To identify whether sulfonate groups were successfully grafted onto the prepared carbonaceous solid acid catalyst, the sulfur content together with C and H concentration was determined by elemental analysis operated on an EURO EA 300 series elemental analyzer with flush combustion at 950 °C (O₂ flow of 20 mL min⁻¹). The catalyst (1.0 mg) was first placed in a tin can and automatically injected into the instrument. L-Cystine (C₆H₁₂N₂S₂O₄) was selected as the standard substance. The amount of –SO₃H groups was estimated based on the S content.

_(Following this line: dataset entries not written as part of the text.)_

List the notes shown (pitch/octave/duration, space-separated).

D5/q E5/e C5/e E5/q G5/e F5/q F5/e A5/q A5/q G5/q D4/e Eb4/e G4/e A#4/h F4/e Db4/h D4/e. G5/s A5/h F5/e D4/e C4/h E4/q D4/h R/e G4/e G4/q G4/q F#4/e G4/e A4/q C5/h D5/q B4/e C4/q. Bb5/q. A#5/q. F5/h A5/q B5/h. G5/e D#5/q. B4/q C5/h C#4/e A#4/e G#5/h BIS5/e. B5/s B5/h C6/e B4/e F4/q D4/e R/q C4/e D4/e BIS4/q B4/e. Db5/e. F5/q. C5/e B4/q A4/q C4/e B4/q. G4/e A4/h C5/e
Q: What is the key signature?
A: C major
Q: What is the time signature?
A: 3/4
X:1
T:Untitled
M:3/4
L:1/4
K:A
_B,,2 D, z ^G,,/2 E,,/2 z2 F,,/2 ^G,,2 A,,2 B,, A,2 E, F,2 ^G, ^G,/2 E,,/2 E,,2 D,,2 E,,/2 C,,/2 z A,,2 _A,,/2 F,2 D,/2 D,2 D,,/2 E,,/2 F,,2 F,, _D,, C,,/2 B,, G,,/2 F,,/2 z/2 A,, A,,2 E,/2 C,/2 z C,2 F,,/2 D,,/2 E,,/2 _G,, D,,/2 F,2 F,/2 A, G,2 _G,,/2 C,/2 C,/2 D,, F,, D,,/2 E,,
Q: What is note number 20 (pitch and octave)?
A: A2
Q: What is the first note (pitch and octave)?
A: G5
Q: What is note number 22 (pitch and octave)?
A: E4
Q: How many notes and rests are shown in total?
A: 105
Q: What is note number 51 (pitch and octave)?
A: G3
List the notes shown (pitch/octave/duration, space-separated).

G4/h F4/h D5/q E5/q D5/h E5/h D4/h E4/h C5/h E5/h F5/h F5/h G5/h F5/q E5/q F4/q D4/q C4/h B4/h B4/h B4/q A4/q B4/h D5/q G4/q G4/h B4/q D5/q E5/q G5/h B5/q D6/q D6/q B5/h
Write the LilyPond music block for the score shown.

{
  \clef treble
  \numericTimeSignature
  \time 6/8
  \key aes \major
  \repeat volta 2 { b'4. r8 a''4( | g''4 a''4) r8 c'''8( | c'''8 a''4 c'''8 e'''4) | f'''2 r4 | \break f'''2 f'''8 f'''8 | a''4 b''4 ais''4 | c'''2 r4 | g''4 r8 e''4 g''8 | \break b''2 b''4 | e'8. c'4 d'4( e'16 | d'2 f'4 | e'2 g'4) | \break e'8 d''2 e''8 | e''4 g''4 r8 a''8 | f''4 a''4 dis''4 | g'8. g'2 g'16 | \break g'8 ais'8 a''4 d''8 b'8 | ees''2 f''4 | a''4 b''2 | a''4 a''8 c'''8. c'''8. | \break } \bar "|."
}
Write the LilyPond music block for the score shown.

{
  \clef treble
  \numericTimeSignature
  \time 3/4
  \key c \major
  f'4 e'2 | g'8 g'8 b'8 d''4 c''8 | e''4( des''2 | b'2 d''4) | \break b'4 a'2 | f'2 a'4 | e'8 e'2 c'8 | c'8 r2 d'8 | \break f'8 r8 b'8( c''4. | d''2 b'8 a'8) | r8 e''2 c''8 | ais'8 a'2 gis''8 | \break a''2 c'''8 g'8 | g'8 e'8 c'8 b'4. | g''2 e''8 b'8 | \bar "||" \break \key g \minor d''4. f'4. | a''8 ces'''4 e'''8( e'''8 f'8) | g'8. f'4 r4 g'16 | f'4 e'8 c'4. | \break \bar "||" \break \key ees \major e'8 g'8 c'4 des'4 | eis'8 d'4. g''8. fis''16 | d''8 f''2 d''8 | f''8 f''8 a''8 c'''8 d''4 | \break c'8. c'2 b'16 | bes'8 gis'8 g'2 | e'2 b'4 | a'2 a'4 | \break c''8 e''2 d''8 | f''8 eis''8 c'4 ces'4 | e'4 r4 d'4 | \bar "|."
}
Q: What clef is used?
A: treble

2.4 Experimental procedure

The catalytic dehydration of sorbitol was conducted in a stainless steel batch reactor (60 mL). Briefly, a mixture of 1.0 g sorbitol and 0.1 g powdered catalyst was poured into the reactor and purged with N₂ for several times. Subsequently, the reactor was heated to the investigated temperature under magnetic stirring at 800 rpm. The reaction time was calculated when the reactor temperature reached the target one. After the reaction, the reactor was quickly cooled to room temperature in an ice-water bath and an appreciable amount of water was added. The resulting mixture was filtered in order to separate the catalyst. Then, the obtained liquid solution was analyzed by HPLC (Wates e2695) equipped with UV and refractive index (RI) detectors and a Shodex SUGAR SC1011 column (8 × 300 mm). The column was operated at 70 °C by a column heater and the operating temperature of detectors was 35 °C. Distilled water was used as the mobile phase at a flow rate of 0.6 mL min⁻¹. The injection volume was 10 μL of filtered (25 μm), undiluted sample. Sorbitol conversion and isosorbide selectivity were calculated as follows:

C_sorbitol% = (moles of reacted sorbitol/moles of initial sorbitol) × 100% (2)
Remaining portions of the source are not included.